On the other hand, Kala Onlus is not responsible for any false information sent directly by the user (example: correctness of the e-mail address or postal address or other personal data), as well as information concerning him and that are been provided by a third party, even fraudulently.



In the case of donations made by credit card, Kala Onlus guarantees maximum privacy and security. The financial information of the credit card (number, expiry date, generality of the holder) may only be known by the issuing institution. Kala Onlus will only become aware of a code (“token”) that has no possibility to lead back to the credit card.

Similarly, the same criteria of confidentiality and confidentiality will be maintained in case of donation made by bank transfer, for which it is only required to enter a “causal code” at the time of the transfer.

If the donation is made through PayPal, you will be redirected to the PayPal site and, therefore, the criteria of confidentiality and security compete exclusively with PayPal, excluding any liability on the part of Kala Onlus.

In general, Kala Onlus assumes no responsibility with regard to unauthorized or fraudulent use by third parties of information pertaining to the tools used for the transaction related to the donation.

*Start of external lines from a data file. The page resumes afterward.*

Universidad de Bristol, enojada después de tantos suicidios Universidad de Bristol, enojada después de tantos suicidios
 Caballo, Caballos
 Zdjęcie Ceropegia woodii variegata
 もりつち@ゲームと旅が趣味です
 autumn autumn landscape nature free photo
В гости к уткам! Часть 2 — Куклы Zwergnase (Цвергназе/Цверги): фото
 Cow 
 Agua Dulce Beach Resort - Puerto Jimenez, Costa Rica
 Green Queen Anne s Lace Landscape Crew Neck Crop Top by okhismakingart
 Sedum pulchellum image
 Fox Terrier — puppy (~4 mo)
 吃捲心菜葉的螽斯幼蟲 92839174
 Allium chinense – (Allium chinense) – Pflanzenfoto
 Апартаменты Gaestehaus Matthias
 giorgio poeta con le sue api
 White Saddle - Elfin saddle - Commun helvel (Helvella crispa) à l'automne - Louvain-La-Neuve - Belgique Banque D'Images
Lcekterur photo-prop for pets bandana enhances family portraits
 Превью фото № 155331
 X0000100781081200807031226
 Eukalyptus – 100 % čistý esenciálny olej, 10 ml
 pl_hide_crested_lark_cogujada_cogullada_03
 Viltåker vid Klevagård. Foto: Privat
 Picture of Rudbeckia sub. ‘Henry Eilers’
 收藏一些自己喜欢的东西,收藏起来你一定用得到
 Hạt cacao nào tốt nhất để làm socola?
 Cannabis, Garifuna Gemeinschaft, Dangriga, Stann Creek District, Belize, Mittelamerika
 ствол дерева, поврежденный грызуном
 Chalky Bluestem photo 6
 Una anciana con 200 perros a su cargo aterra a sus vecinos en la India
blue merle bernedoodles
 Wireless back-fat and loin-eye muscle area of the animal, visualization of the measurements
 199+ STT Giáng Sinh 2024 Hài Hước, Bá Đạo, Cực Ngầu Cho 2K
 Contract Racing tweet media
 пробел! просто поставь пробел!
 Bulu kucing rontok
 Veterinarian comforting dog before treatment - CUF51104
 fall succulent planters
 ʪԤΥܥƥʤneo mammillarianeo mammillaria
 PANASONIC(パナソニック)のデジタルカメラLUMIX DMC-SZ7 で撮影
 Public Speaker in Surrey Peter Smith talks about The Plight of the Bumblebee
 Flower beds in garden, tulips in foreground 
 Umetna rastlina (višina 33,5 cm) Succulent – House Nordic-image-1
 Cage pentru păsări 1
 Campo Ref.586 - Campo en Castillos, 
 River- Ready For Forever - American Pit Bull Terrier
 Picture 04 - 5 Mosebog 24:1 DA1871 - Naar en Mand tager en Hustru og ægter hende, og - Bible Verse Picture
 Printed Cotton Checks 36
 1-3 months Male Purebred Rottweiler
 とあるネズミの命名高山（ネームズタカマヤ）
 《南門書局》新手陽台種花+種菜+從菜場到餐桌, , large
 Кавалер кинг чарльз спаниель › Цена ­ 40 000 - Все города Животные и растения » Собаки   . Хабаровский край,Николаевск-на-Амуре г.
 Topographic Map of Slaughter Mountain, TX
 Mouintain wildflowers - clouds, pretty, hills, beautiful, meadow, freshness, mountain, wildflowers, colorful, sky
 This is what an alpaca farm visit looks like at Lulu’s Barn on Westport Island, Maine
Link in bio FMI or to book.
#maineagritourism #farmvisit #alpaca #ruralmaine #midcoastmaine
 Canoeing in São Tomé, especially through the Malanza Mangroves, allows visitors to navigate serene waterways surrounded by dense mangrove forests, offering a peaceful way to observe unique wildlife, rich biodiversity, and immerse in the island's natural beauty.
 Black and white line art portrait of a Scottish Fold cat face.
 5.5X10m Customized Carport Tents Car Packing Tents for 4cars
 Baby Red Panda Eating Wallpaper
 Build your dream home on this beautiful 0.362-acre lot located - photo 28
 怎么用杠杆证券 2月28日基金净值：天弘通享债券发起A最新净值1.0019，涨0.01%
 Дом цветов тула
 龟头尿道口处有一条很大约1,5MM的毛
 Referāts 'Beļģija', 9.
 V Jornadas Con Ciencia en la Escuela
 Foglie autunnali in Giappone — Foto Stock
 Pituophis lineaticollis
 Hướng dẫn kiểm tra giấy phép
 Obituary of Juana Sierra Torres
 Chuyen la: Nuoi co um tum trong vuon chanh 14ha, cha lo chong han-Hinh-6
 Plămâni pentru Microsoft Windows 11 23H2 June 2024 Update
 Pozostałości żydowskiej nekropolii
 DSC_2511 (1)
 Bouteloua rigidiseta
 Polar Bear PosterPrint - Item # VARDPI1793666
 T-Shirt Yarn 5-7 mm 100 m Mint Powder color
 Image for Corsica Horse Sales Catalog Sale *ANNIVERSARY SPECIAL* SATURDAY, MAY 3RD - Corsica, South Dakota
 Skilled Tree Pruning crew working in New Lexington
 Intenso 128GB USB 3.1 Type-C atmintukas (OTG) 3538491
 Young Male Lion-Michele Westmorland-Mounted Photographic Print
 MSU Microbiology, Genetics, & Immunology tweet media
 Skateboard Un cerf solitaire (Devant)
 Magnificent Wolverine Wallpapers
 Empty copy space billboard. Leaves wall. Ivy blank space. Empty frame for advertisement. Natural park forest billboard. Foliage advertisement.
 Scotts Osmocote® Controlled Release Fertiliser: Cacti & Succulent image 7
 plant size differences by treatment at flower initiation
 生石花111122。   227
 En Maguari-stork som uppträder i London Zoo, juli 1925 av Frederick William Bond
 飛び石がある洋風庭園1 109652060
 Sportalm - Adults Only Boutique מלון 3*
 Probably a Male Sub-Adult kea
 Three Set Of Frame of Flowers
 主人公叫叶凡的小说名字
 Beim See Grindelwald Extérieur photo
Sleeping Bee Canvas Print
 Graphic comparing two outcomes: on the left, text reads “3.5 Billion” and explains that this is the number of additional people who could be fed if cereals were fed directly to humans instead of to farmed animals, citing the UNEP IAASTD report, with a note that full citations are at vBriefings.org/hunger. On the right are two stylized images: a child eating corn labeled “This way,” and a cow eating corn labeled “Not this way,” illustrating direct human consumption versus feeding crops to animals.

This privacy policy can be consulted automatically by the most recent browsers implementing the P3P standard (“Platform for Privacy Preferences Project”) proposed by the World Wide Web Consortium (

Every effort will be made to make the functionality of this site as interoperable as possible with the automatic privacy control mechanisms available in some products used by users.

Considering that the state of improvement of automatic control mechanisms does not make them currently free from errors and malfunctions, it is hereby specified that this document constitutes the “Privacy Policy” of this site which will be subject to updates.